O terceiro trilho foi aberto há poucas semanas. Começaram discussões, no âmbito da Associação Latino-Americana de Integração (Aladi), sobre um acordo de facilitação de investimentos que venha a cobrir todos os 13 países integrantes da entidade.
Finalmente, na quarta frente, a Organização Mundial do Comércio (OMC) tem um grupo de 107 países tratando da possibilidade de um acordo plurilateral – adere somente quem quiser – sobre o tema. Estados Unidos, União Europeia, China, Canadá e Japão fazem parte do grupo. O Brasil tenta emplacar o modelo de seus ACFIs como base do novo acordo.
O Itamaraty tem conduzido as negociações. No entanto, há algumas ressalvas na equipe econômica sobre a real efetividade dos ACFIs, que são uma inovação brasileira. Para uma ala do Ministério da Economia, eles não são suficientes para dar proteção jurídica aos investidores estrangeiros, por estarem aquém do modelo tradicionalmente preferido pelas nações mais desenvolvidas.
O primeiro acordo de promoção e proteção de investimentos (APPI) foi assinado entre Alemanha e Paquistão, em 1959, e hoje há um estoque de aproximadamente 3 mil deles no mundo.

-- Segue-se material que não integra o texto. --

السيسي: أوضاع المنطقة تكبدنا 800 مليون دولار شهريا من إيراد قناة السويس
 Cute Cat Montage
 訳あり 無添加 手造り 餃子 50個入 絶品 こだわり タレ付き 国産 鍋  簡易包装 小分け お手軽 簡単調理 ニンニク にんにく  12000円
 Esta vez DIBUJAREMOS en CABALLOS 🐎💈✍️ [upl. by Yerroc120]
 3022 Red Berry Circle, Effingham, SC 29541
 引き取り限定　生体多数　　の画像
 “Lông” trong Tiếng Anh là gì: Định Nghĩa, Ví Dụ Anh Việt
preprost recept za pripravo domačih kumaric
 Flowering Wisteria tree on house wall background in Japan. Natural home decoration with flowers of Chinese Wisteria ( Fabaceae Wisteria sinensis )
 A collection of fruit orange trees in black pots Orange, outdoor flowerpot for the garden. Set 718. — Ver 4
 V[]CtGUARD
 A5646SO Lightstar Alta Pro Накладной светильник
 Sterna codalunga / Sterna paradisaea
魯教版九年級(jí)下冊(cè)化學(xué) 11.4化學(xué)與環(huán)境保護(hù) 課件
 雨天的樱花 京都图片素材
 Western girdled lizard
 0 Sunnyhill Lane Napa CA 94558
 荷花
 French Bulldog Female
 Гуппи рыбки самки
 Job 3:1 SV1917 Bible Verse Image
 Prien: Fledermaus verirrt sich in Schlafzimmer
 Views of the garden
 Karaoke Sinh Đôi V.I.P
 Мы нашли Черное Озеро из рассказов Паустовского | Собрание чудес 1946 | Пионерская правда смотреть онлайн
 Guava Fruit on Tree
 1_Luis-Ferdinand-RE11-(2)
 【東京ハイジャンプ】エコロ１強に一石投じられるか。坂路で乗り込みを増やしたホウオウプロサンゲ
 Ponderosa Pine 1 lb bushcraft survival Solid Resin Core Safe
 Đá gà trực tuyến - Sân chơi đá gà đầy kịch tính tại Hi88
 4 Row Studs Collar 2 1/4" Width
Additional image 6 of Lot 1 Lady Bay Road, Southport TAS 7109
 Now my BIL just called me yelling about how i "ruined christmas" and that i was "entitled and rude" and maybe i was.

Tentativas de costurar um tratado global sobre investimentos falharam no passado. A Organização para a Cooperação e o Desenvolvimento Econômico (OCDE) fez um esforço nos anos 1990 e a OMC chegou a incluir o assunto na Rodada Doha, mas ambos os projetos foram abandonados.
Também na década de 1990, o Brasil firmou APPIs com 15 países – entre os quais Alemanha, Reino Unido, França, Suíça e Portugal. No entanto, o Congresso Nacional negou-se a votá-los e eles acabaram sendo retirados.
Um dos maiores focos de resistência, tanto no Brasil quanto no plano global, estava em duas características desses acordos: a cláusula investidor-Estado e a cláusula de expropriação indireta.
A primeira permite que companhias acionem diretamente um Estado em foros no exterior, como os centros de arbitragem do Banco Mundial (Ciadi) ou da Câmara de Comércio Internacional (ICC). Havia uma percepção de que as soluções de disputas pendiam para o lado do investidor e muitas vezes contrariavam jurisprudências formadas anteriormente por supremas cortes.
Em meio à crise de 2001, a Argentina sofreu mais de 50 processos pela cláusula investidor-Estado. A Bélgica foi alvo de ações devido a medidas tomadas para sanear o sistema bancário em 2008.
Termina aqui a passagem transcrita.